Aquí se hablan de potencias grandes.

https://www.forosdeelectronica.com/f31/amplificador-500w-800w-1000w-and-2200w-mosfet-clase-ab-12750/

 Saludos.

Dara irte a la segura, puentea la AV1000 de Anthony Holton.


----------



## ALEX2050 (Jul 26, 2009)

Tacatomon ya he trabajado con amplificador pero no con potencia de 2000 ni 4000 W y la quiero armar por que la necesito para un pick up.

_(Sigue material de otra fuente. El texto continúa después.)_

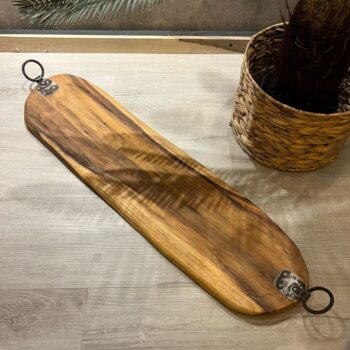 Bandeja tabla artesanal de madera rustica con aplique de hierro de 72 x 18 cm
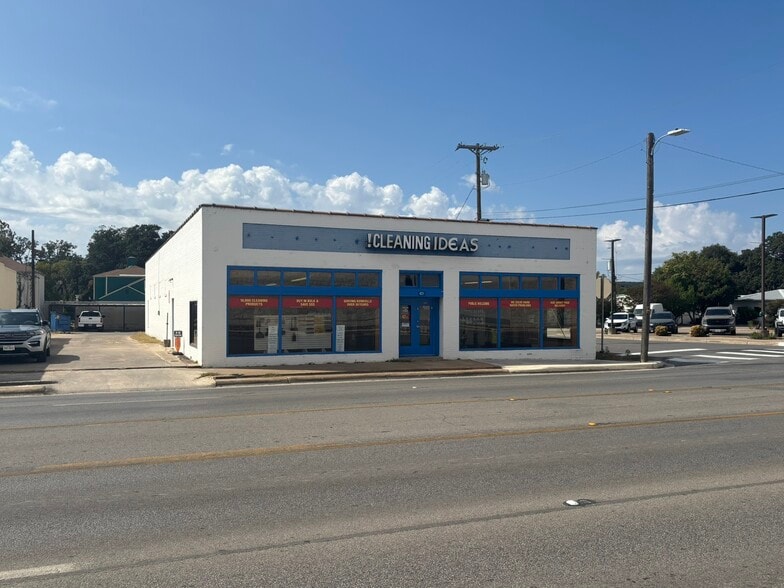 401 Main St, Kerrville, TX for sale - Building Photo - Image 2 of 5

Aldemarar amigo la necesito para 6 bajos de 1000 W 15"


----------



## aldemarar (Jul 26, 2009)

Si tienes experiencia lo mejor que te puedo recomendar es que armes la Crest la que llaman Maxter y la trabajes con 90+- sin los inyectores y coloques 24 transistores por salida, en el foro encuentras todo el impreso, plano , montaje, suerte con tu proyecto. Acá está la información de la Master : Audio de gran señal (crest audio)


----------



## rodr0 (Jul 26, 2009)

zopilote dijo:
			
		

> Intenta sacar lo mejor de  este amplificador, y este que le llaman pequeño terremoto. Le sacas el previo pasabajos  y le insertas el amplificador a mosfet para que funcione con +/-18V.
> 
> 
> 
> ...



perdon, de que potencia es este amplificador aprox? carga de 8 o 4 ohm? desde ya gracias


----------



## ALEX2050 (Jul 26, 2009)

aldemarar amigo gracias por este plano pero quisiera preguntarte cuale son los inyectores


----------



## leolaovp (Oct 18, 2009)

Chanfle...yo he visto cajas mayer que dan esa potencia...pero en un auto...


----------



## palomo (Oct 19, 2009)

Hola amigo Alex2050, en el tema del amplificador CREST AUDIO se discute de todo lo relacionado a los inyectores, lee todo el post asi puedes tener una idea de este, y te comento a groso modo, el amplificador puede trabajar con el transistor 2sc5200 y su complementario pero con voltajes de +-65 y en los inyectores +- 125, si quieres ocupar los voltajes que son, estos estan en el orden de +-75 y en los inyectores +-145 y los transistores deben ser los MJL4281A y su complementario ya que los anteriores no aguantarian este voltaje, los inyectores son los transistores que controlan el voltaje alto, y lo drenan a los demas transistores en pasajes donde se necesita mas potencia,  cualquier pregunta que tengas de este amplificador puedes hacerlo en el post de CREST AUDIO para no desvirtuar este.

Saludos

Amigo Rodr0, en la pagina de PCaudio te dan la información de cuanta potencia puedes sacarle a este amplificador de acuerdo a los transistores y el voltaje que ocupes, esta desde los 25w asta 100w, en lo personal te lo recomiendo, solo que no para bajos, mas bien para medios y agudos que es donde mejor se comporta, yo tengo uno trabajando con unos tweters de domo de seda y la verdad el sonido es nitido, no sufres de fatiga auditiva, si no tienes experiencia en lo que es la calibracion de Bias y OFF-set no te lo recomiendo, para bajos te recomiendo el de luciperrro que se encuentra en el post DIAGRAMAS de AMPLIFICADORES el de 100w, es facil de armar y no tienes que calibrar nada, solo tener cuidado al armarlo y hacer las pruebas a la hora de ponerlo a funcionar, comenta cual fue tu desición. 

Saludos


----------



## tito (Ene 6, 2010)

hola yo quiero armar un sonido en especial dos cajones cerwin vega l36 para bajos 15" de por lo menos 500W y no se q*ué* amplificador usar o power *por*q*ue* me dijeron q*ue* con un power se ahogan q*ué* me dicen me pueden ayudar


----------



## palomo (Ene 8, 2010)

tito dijo:


> me dijeron que con un power se ahogan qué me dicen me pueden ayudar



No entiendo esto, ¿con un poder se ahogan?  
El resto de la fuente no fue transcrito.